You have completed your training and passed your exams and you have made the decision to become a GP Locum. Up until this point, you will most likely have been employed and have had your tax, national insurance and superannuation deducted at source from your salary but, becoming a Locum means your status changes to that of being self-employed. Are you ready for this change?


  • You must register yourself with HMRC by 5 October following the end of the tax year in which you commence as a Locum, otherwise you may be liable to a penalty for failure to notify of chargeability.
  • Good record keeping is essential, and you should keep a record of all income earned and keep receipts for all expenses incurred in relation to your Locum work such as professional subscriptions.
  • Tax is paid on the profits you earn in any tax year. Therefore, if you earn £40,000 and have £5,000 of expense then you will pay tax based on £35,000 of net income.
  • You also have two lots of National Insurance to pay on your profits alongside your tax bills;
    • Class 2 – at flat rate of £3.45 (2023/2024) per week on annual profits greater than £12,570
    • Class 4 – at 9% between on annual profits between £12,570 and £50,270 (2023/2024). You will also
    • Pay a further 2% on all annual profits (uncapped) above £50,270 (2023/2024).
  • You may also have a student loan which is repayable based on level of earnings and whatever student loan plan you have. The loan repayment on self-employed earnings is payable alongside the January tax payment. 
  • As a guide you should save around 35% of income to cover both tax and national insurance and 45% if you have a student loan as well. If you are a very high earner then you should be setting aside even more.
  • Tax is paid by self-employed people on 31 January and 31 July each year. The January bill consists of the balancing payment for the previous year less any payments on account and also the payment on account for the current year which is calculated as 50% of the previous year’s tax bill. The July bill is the second payment on account.
  • It is essential that you save money for tax and national insurance from day 1 of becoming self-employed or you may run into problems.
  • There is a tax charge in relation to child benefit if you or your partner’s adjusted net income exceeds £50,000 and it is the partner with the higher income who is liable for the charge. If the adjusted net income for either of you is between £50,000 to £60,000 you lose one percent of the Child Benefit for each £100 over £50,000. If your income exceeds £60,000, you lose all of the child benefit paid. This will be repayable with your January tax liability.
  • If your adjusted net income is in excess of £100,000 you lose any entitlement to claim tax free childcare hours.
  • It can be possible to claim for repayment of tax levied on employment earnings on specific business expenses for four years from the end of the tax year to which the claim relates. This means you can request a tax refund on very specific business expenses previously incurred for things like professional fees, medical equipment and certain exam fees, and which have been omitted in calculating income tax under PAYE. Different rules apply to overpayment reclaims in other situations.

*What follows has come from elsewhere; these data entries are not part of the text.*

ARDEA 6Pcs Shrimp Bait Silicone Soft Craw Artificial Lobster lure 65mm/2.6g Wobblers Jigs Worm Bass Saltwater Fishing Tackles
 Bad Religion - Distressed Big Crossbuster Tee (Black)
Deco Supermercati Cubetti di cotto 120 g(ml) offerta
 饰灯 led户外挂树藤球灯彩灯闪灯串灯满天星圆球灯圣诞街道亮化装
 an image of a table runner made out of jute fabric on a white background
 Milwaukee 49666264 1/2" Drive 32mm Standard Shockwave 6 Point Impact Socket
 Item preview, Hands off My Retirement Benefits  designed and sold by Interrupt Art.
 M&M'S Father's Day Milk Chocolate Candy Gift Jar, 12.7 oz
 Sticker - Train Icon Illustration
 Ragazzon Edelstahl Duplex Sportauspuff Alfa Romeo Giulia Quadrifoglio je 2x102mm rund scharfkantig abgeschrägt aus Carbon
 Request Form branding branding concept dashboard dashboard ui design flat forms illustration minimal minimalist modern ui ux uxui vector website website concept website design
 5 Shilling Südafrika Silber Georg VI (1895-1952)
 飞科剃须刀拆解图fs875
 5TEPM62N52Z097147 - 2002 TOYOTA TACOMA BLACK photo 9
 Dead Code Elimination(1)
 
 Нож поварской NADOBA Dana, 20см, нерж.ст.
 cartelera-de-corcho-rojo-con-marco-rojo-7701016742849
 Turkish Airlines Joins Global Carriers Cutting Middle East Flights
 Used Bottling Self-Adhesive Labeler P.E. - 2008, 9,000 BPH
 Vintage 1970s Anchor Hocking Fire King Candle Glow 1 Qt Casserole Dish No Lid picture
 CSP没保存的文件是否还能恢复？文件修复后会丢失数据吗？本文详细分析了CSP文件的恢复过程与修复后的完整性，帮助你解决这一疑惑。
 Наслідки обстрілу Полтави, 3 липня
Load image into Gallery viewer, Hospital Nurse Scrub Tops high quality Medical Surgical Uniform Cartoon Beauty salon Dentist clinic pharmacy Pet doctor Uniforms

  • Locums are eligible to contribute to the NHS Superannuation scheme. You will have to be on a Medical Performers List and should register as soon as possible by contacting your local Area Team or PCSE depending on where you are located.
  • The NHS Scheme rules state that you cannot pick or choose which income is superannuated, therefore, if you are already a member of the superannuation scheme, it would be a breach of the Scheme rules if the locum income is not superannuated, subject to the 10-week rule (see below).
  • GP Locum work that has been arranged and paid through a third party, such as a commercial deputising firm, a commercial agency, or a co-operative itself, is not pensionable under the NHS Pension Scheme. A GP Locum who trades as a limited company cannot pension their income either.
  • GP Locum work performed more than 10 weeks ago cannot be pensioned.
  • When you are employed, superannuation is deducted at source but when you are a locum, you must calculate your superannuable income, complete locum forms A and B and submit these along with payment of superannuation to either PCSE in England, the local health board in Wales and Practitioner Services in Scotland
  • Tax Relief will be claimed as an expense on your tax return each year. The local Area Team should provide you with an annual summary of contributions paid each tax year. You should however keep records yourself and agree it with those provided.
  • If you are a GP Locum and perform GMS, PMS or PMS+ work for an absent NHS GP, who would otherwise have performed the duties, you will be able to pay NHS Pension Scheme contributions on the gross pay you receive. Any NHS GMS, PMS or PMS+ work can be pensionable, provided there is a clear and direct transaction for the work, between you and the employing GP practice or absent GP.

Limited Company

A common question we are asked by Locums is ‘should I form a limited company?’ The answer is that this is not always the best option, in fact in the majority of cases, there is no tangible benefit but there is additional expenditure and administrative burdens. Therefore, you are always best to seek specific advice before going down this route.